Available data:

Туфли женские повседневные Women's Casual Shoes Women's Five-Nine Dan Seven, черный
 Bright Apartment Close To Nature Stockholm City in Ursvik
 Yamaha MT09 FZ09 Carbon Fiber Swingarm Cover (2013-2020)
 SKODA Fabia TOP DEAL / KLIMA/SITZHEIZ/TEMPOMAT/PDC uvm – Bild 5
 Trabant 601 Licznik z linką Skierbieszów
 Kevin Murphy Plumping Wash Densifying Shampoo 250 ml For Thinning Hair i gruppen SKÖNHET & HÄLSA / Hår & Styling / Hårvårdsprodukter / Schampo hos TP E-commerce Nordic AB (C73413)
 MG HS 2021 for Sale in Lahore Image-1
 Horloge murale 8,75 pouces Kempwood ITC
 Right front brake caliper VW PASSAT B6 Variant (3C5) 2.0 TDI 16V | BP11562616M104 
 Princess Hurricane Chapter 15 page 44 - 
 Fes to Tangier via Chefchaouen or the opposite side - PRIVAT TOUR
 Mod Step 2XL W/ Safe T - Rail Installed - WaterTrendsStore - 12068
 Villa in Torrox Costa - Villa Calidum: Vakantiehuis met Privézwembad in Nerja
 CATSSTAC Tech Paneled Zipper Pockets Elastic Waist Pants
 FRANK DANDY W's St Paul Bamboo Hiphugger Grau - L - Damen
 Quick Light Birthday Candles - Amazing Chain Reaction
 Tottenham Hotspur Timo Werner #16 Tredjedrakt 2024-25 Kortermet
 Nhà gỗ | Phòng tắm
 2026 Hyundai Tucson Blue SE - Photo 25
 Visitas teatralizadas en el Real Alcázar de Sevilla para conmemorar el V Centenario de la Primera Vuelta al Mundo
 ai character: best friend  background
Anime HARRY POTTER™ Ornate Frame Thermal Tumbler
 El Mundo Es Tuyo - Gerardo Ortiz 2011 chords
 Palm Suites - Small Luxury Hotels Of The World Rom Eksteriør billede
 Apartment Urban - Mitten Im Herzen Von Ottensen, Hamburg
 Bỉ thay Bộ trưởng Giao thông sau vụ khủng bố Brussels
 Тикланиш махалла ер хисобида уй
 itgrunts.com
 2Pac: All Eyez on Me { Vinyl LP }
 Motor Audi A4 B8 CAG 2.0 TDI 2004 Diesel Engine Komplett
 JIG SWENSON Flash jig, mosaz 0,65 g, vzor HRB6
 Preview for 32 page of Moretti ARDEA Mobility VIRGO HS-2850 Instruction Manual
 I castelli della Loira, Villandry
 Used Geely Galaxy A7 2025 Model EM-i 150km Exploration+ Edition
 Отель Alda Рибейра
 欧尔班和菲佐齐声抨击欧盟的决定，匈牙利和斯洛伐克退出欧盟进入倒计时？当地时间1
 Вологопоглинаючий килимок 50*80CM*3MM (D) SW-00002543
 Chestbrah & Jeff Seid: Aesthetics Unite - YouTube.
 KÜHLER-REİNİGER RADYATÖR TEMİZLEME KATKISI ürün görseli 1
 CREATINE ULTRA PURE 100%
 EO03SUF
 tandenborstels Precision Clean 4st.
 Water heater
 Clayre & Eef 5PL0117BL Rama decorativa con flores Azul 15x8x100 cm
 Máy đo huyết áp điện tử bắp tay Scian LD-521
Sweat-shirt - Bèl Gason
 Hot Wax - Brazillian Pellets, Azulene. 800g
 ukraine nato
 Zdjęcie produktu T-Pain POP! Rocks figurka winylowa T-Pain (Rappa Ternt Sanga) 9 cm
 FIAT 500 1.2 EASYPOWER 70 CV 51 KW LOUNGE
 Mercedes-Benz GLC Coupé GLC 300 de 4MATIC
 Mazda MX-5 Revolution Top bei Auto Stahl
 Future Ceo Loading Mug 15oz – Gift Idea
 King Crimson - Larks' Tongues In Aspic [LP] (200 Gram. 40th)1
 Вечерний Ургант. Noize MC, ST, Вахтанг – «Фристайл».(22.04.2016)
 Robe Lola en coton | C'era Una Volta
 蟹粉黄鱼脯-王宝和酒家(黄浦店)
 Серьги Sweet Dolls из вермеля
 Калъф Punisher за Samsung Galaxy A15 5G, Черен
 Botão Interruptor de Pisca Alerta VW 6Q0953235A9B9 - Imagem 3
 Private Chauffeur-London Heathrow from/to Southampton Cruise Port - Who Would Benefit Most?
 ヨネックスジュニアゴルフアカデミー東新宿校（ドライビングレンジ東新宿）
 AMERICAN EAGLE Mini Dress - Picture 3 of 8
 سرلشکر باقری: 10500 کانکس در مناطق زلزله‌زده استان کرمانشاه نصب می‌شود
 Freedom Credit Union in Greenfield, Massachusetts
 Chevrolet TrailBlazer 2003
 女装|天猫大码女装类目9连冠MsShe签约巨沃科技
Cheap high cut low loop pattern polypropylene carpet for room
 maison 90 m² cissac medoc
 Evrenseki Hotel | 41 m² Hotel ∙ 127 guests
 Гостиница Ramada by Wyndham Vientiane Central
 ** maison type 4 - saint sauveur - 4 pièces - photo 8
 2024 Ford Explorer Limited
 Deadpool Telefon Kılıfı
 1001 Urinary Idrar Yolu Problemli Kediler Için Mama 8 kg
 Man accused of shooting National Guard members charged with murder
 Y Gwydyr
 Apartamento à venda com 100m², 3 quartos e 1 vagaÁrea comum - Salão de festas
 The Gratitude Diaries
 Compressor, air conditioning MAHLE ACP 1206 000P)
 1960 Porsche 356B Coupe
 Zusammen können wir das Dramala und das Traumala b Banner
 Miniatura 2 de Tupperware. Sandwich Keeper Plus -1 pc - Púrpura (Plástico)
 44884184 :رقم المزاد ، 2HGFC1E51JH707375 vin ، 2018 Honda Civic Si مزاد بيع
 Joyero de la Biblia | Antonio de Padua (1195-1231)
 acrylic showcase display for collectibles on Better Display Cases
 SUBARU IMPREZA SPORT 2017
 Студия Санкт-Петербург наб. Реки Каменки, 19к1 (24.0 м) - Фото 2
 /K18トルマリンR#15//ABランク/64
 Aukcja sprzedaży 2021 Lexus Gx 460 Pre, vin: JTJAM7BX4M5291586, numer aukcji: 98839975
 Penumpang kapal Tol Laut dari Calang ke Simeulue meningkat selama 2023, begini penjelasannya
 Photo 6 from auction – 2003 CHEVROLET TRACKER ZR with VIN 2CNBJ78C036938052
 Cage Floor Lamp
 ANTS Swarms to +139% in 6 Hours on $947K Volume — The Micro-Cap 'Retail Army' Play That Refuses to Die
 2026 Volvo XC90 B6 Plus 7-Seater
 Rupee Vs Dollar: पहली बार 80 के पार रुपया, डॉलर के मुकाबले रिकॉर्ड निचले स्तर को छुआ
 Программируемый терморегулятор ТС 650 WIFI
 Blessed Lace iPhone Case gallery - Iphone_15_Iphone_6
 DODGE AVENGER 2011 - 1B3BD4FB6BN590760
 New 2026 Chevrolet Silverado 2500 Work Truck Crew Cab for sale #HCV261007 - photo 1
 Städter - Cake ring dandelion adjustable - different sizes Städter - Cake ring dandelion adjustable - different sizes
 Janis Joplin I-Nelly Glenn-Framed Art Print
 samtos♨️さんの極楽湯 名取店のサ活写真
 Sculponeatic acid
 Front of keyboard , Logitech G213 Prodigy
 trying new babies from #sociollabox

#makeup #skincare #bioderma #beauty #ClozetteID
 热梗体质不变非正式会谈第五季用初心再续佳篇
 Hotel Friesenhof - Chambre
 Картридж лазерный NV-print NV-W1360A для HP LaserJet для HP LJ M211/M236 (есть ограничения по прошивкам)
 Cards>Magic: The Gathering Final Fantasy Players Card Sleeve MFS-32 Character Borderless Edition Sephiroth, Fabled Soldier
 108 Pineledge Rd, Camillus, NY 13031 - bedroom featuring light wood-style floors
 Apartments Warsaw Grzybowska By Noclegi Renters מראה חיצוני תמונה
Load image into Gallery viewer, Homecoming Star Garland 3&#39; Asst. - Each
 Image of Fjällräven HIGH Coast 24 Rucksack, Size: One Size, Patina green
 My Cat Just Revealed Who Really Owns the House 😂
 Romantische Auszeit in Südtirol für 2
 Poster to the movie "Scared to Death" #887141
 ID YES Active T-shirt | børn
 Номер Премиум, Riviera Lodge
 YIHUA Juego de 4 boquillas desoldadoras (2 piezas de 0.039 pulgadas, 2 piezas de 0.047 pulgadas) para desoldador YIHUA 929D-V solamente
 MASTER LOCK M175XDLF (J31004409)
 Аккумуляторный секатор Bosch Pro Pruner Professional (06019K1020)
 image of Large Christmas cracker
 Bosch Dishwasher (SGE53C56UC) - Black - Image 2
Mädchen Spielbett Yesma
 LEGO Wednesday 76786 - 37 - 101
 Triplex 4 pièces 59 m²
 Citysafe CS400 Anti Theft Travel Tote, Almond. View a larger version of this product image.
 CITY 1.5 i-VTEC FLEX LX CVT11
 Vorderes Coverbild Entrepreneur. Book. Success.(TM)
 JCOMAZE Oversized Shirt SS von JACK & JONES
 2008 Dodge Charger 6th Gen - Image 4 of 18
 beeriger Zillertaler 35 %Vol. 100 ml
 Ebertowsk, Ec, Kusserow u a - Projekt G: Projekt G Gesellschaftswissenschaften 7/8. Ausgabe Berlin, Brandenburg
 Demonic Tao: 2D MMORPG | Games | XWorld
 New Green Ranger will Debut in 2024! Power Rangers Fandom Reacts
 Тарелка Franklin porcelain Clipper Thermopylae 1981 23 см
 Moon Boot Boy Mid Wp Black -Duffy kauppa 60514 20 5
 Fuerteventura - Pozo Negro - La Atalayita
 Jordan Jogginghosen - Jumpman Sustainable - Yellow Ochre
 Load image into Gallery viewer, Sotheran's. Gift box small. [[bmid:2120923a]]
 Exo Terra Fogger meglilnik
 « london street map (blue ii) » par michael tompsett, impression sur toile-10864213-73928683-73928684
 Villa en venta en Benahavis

Task requirements: Report every line in the data that holds "with", copying each one.

Solution to this problem:
 Man accused of shooting National Guard members charged with murder
 Photo 6 from auction – 2003 CHEVROLET TRACKER ZR with VIN 2CNBJ78C036938052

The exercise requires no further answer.